The group that represents more than 260 airlines has announced a new initiative to optimize the accommodation of cabin baggage.

“Working with airline members of IATA and aircraft manufacturers, an optimum size guideline for carry-on bags has been agreed that will make the best use of cabin storage space,” it said Tuesday.

“A size of 55 x 35 x 20 cm (or 21.5 x 13.5 x 7.5 inches) means that theoretically everyone should have a chance to store their carry-on bags on board aircraft of 120 seats or larger,” it said in a release issued in Miami, Fl., where IATA is holding its annual general meeting.

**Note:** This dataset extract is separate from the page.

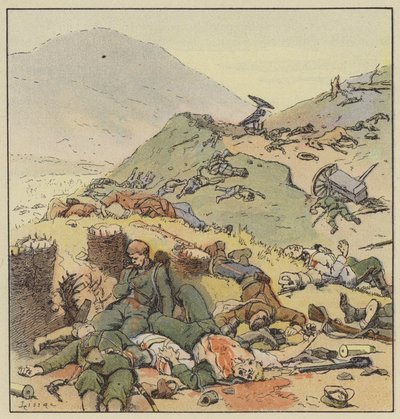 Plátek opuštěný Rusy, Liao-jang od L. Malespine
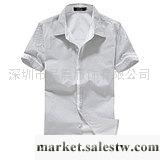 供應ShopZoom 男裝 優惠2011新品夏完美襯型尖領短袖襯衫[C1048]工廠,批發,進口,代購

logoTo facilitate a smooth check-in, IATA has also developed an “IATA Cabin OK” logo, indicating that a bag meets the agreed size guidelines.

“A number of major international airlines have signalled their interest to join the initiative and will soon be introducing the guidelines into their operations,” the group said.

“The development of an agreed optimal cabin bag size will bring common sense and order to the problem of differing sizes for carry-on bags,” said Tom Windmuller, IATA’s senior vice-president for airport, passenger, cargo and security.

“We know the current situation can be frustrating for passengers. This work will help to iron out inconsistencies and lead to an improved passenger experience.”

IATA said it was working with baggage tracking-solutions provider Okoban to manage the approval process of bag manufacturers.

“Recognition of the ‘IATA Cabin OK’ logo is expected to grow with time as more airlines opt-in to this IATA initiative,” the group said.

Bags carrying the label are expected to reach retail shops later this year.